[DATA EXTRACT Boundary: Start]

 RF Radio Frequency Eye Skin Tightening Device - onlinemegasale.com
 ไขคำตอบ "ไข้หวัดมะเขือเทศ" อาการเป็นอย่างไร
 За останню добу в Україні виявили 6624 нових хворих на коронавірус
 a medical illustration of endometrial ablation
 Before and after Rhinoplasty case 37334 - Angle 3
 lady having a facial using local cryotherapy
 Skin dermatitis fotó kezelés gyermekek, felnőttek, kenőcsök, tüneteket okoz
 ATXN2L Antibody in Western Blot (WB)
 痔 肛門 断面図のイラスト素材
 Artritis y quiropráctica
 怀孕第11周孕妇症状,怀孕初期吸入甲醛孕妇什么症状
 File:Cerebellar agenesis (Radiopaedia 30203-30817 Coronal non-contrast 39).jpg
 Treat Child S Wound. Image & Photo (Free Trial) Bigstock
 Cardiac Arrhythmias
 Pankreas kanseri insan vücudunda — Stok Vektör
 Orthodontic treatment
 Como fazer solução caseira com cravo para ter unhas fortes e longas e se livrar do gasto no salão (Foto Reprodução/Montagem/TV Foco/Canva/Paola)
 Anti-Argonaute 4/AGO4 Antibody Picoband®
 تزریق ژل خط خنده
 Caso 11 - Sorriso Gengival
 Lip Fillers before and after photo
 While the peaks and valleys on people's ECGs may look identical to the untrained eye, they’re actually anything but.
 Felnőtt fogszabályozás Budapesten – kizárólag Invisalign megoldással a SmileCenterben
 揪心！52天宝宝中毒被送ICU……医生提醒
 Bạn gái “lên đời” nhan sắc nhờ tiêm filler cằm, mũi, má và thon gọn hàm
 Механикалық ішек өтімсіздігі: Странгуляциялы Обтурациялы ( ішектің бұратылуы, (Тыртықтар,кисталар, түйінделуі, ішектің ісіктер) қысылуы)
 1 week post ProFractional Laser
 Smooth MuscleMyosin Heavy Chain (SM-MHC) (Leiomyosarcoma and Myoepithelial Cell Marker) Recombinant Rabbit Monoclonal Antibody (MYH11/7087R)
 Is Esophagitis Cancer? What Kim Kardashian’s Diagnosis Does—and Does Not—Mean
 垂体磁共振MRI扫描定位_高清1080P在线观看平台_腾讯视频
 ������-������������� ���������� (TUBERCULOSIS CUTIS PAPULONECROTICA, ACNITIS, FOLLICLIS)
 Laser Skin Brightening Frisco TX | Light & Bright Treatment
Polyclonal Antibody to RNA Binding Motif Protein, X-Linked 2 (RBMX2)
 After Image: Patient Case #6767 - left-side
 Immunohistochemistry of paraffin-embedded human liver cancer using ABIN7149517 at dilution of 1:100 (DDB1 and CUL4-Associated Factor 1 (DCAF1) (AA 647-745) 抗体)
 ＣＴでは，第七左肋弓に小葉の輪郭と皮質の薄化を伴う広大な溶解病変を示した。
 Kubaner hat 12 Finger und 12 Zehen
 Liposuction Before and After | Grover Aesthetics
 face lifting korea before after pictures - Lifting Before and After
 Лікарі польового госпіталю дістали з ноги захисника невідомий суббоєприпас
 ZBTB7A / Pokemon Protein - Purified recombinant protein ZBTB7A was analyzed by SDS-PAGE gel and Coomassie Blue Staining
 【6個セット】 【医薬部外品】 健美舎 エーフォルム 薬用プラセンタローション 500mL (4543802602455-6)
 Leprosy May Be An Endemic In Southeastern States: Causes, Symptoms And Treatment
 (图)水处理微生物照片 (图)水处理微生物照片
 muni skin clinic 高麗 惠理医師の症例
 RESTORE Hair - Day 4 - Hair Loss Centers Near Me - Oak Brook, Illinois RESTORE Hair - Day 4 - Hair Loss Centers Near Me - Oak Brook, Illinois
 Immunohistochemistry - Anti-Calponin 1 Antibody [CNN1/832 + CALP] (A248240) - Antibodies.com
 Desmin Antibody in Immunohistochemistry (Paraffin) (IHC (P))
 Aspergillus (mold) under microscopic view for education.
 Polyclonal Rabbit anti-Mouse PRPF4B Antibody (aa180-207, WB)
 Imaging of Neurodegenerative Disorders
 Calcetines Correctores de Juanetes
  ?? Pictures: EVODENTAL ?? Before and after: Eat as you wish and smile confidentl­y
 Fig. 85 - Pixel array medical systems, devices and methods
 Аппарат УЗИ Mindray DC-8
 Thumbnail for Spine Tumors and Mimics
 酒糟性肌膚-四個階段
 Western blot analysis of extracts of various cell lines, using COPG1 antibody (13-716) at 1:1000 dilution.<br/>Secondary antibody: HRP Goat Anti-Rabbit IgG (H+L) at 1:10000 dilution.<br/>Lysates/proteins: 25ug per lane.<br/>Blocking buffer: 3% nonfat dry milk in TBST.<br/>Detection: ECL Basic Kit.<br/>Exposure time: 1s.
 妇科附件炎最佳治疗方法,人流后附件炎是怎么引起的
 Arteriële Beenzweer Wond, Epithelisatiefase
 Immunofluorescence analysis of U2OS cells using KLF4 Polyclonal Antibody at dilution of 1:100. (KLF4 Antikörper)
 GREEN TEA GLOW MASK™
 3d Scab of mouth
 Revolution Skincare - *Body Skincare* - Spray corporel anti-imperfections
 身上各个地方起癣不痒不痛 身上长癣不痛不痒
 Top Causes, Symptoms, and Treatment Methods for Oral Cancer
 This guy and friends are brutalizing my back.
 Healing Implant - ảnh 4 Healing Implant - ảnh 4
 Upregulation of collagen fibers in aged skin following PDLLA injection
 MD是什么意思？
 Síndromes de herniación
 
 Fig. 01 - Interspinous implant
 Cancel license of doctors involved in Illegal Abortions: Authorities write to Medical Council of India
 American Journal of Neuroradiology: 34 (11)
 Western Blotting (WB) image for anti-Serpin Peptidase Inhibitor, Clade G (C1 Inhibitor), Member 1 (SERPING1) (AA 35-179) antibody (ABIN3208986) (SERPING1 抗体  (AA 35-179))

[DATA EXTRACT Boundary: End]

Every line containing the string "Rabbit" should be pulled from the listing and copied.

> **SOLUTION FOR THIS EXERCISE**
 Smooth MuscleMyosin Heavy Chain (SM-MHC) (Leiomyosarcoma and Myoepithelial Cell Marker) Recombinant Rabbit Monoclonal Antibody (MYH11/7087R)
 Polyclonal Rabbit anti-Mouse PRPF4B Antibody (aa180-207, WB)
 Western blot analysis of extracts of various cell lines, using COPG1 antibody (13-716) at 1:1000 dilution.<br/>Secondary antibody: HRP Goat Anti-Rabbit IgG (H+L) at 1:10000 dilution.<br/>Lysates/proteins: 25ug per lane.<br/>Blocking buffer: 3% nonfat dry milk in TBST.<br/>Detection: ECL Basic Kit.<br/>Exposure time: 1s.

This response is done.